Data for the task:

*****

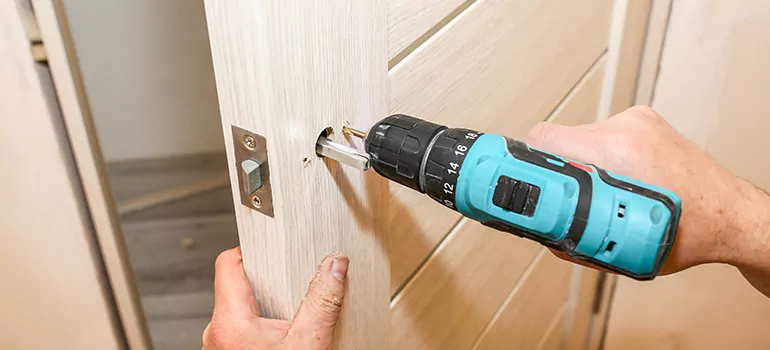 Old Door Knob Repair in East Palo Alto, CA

*****

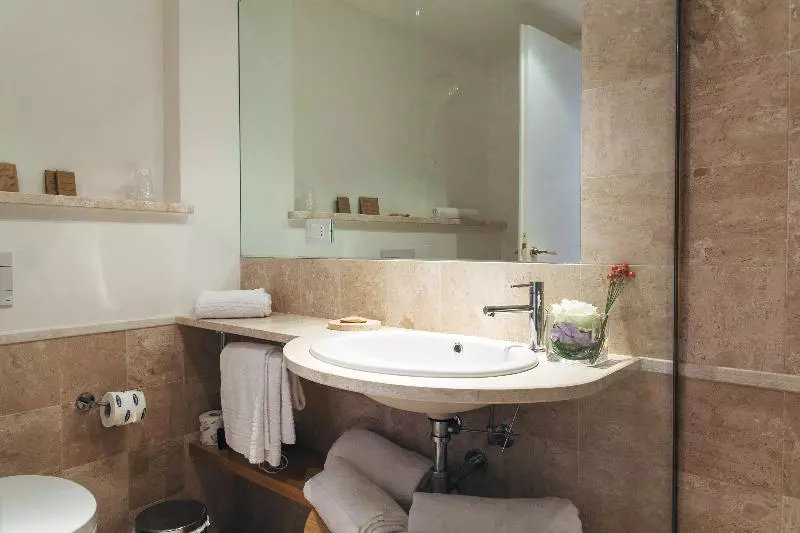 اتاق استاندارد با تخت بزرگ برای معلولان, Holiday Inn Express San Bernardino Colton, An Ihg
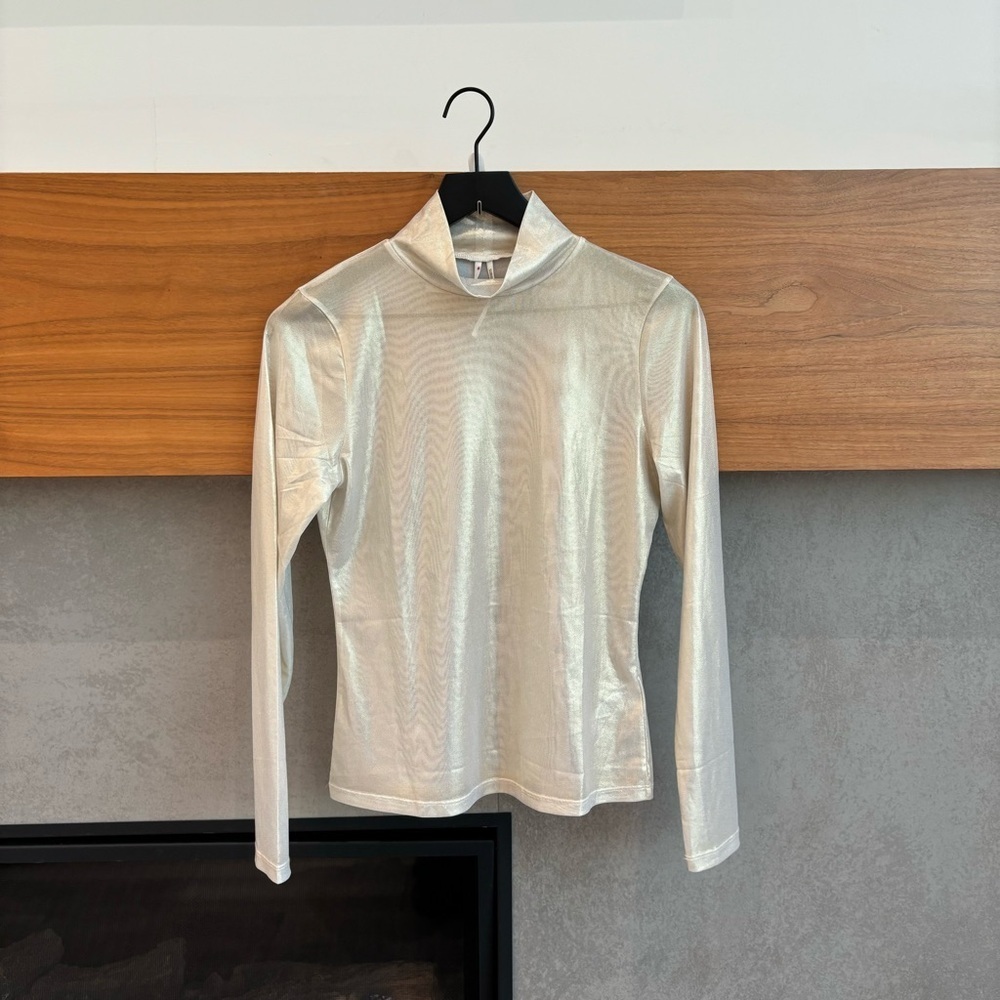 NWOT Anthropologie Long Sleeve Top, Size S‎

*****

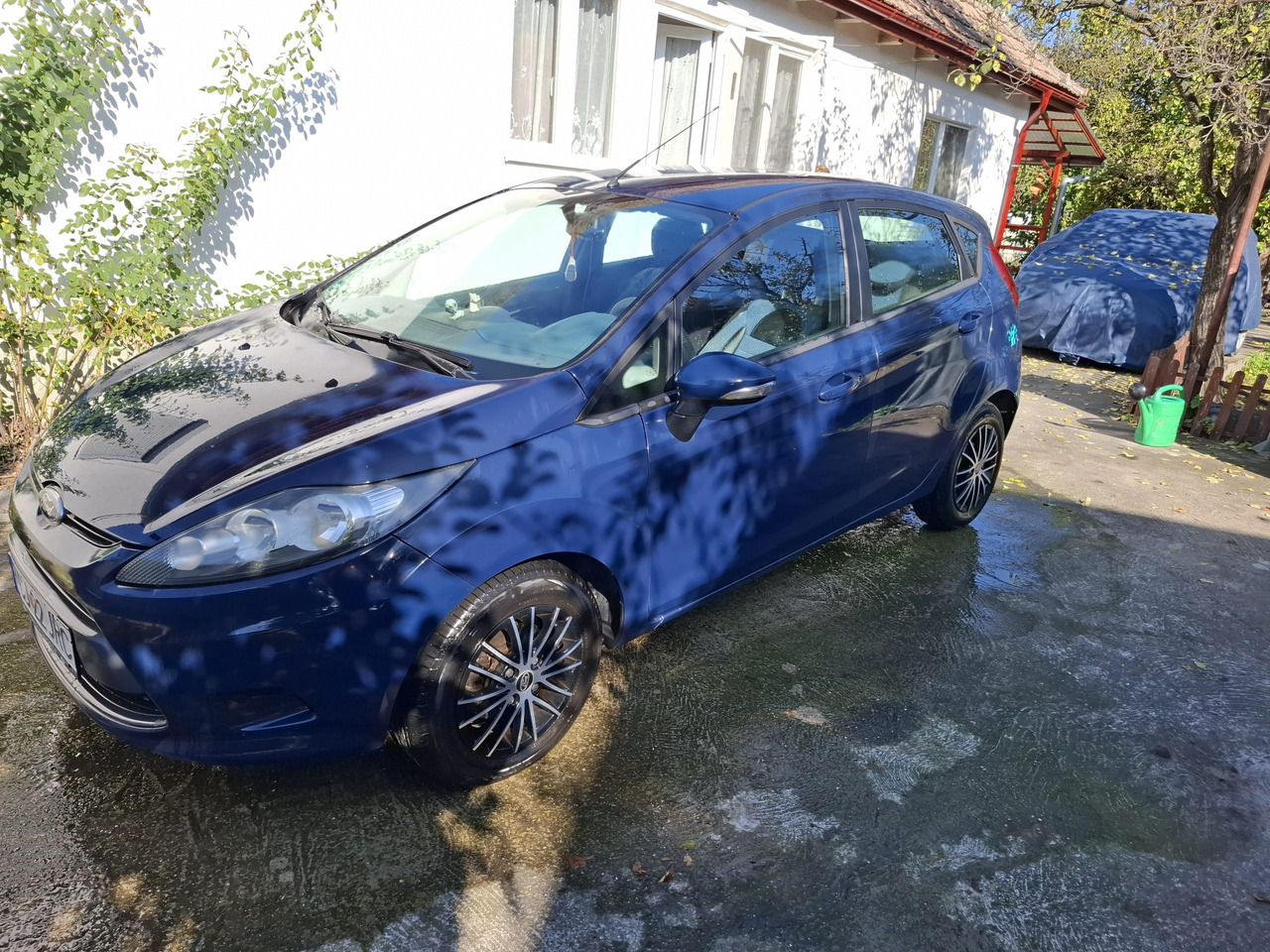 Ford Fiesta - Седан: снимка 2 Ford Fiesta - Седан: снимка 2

*****

Output exactly the lines above, beginning at the one with "اتاق استاندارد با" and stopping after the one with "NWOT Anthropologie Long Sleeve Top, Size S‎". Pictures are to be omitted.

Task result:
 اتاق استاندارد با تخت بزرگ برای معلولان, Holiday Inn Express San Bernardino Colton, An Ihg
 NWOT Anthropologie Long Sleeve Top, Size S‎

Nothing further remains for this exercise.